Im Laufe der 80er Jahre haben dann andere Firmen, wie Toshiba, Panasonic und Aiwa versucht, an dem beginnenden Walkman-Boom teilzuhaben, und 1983 übertraf der Verkauf von Kassetten, dank dem Walkman, erstmals den der Schallplatten. 1986 fand dann das Wort „Walkman“ sogar seinen Platz im berühmten Oxford Dictionary. Glücklicherweise kollabierte seine Erfindung mit dem Beginn der Aerobic-Begeisterung unter den Menschen, und Millionen von ihnen nutzten sie, um sich während des Trainings zu unterhalten. Zwischen den Jahren 1987-97 erreichte die Popularität des Walkman, dank der Aerobic-Welle, seinen Höhepunkt. Nun konnte jeder beim Training seine eigene Lieblingsmusik hören.Sony hat den Walkman aber beständig weiterentwickelt.
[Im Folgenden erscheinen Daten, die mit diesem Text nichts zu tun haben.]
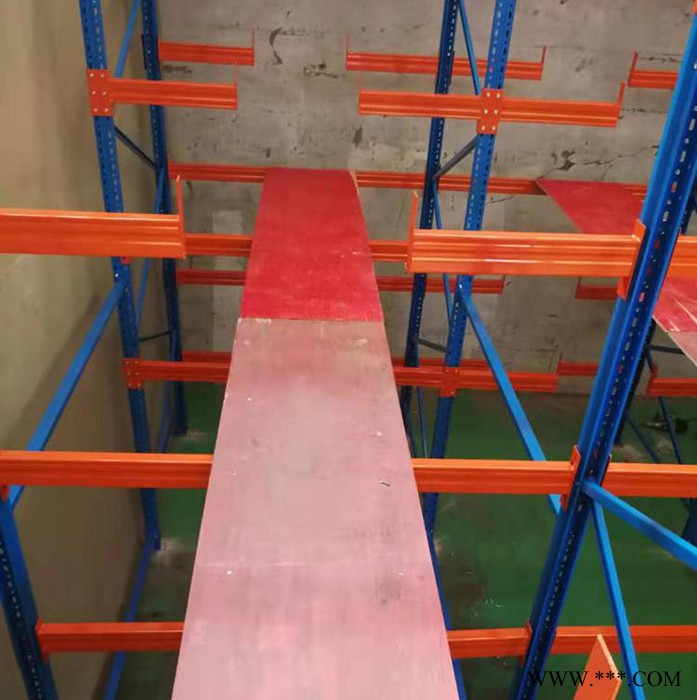 南京倍库 多层铝型材悬臂货架 门窗厂铝型材专用存储货架 二层阁楼悬臂式组装多层仓库货架图5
Neuerungen wie Bass Boost, Radio-Receiver und Auto-Reverse waren feste Bestandteile späterer Modelle. Das Unternehmen führte sogar einen wasserfesten Walkman ein, ein Gerät mit zwei Kassettenrekordern und einem Gerät, das mit Solarenergie betrieben wurde.

Der Ausklang

Doch jeder Stern beginnt irgendwann zu sinken. Ab dem Ende der 80er Jahre begann das Zeitalter tragbarer CD-Spieler, und so wurde der „Discman“, auch aus der Walkman-Reihe, zum Zugpferd des Unternehmens. Die Produktion der Walkman-Reihe wurde im Jahr 2010 endgültig eingestellt. Bis zu diesem Zeitpunkt wurden 400 Millionen Walkman verkauft, davon 200 Millionen als Kassetten-Walkman.

Die Blütezeit des Walkman ist vielleicht vorbei und die Kinder sind heute verblüfft und amüsiert über die unpraktischen Kassetten. Aber die Angewohnheit, Musik überall und zu jeder Zeit hören zu können, ist größer als je zuvor. Danke, Walkman.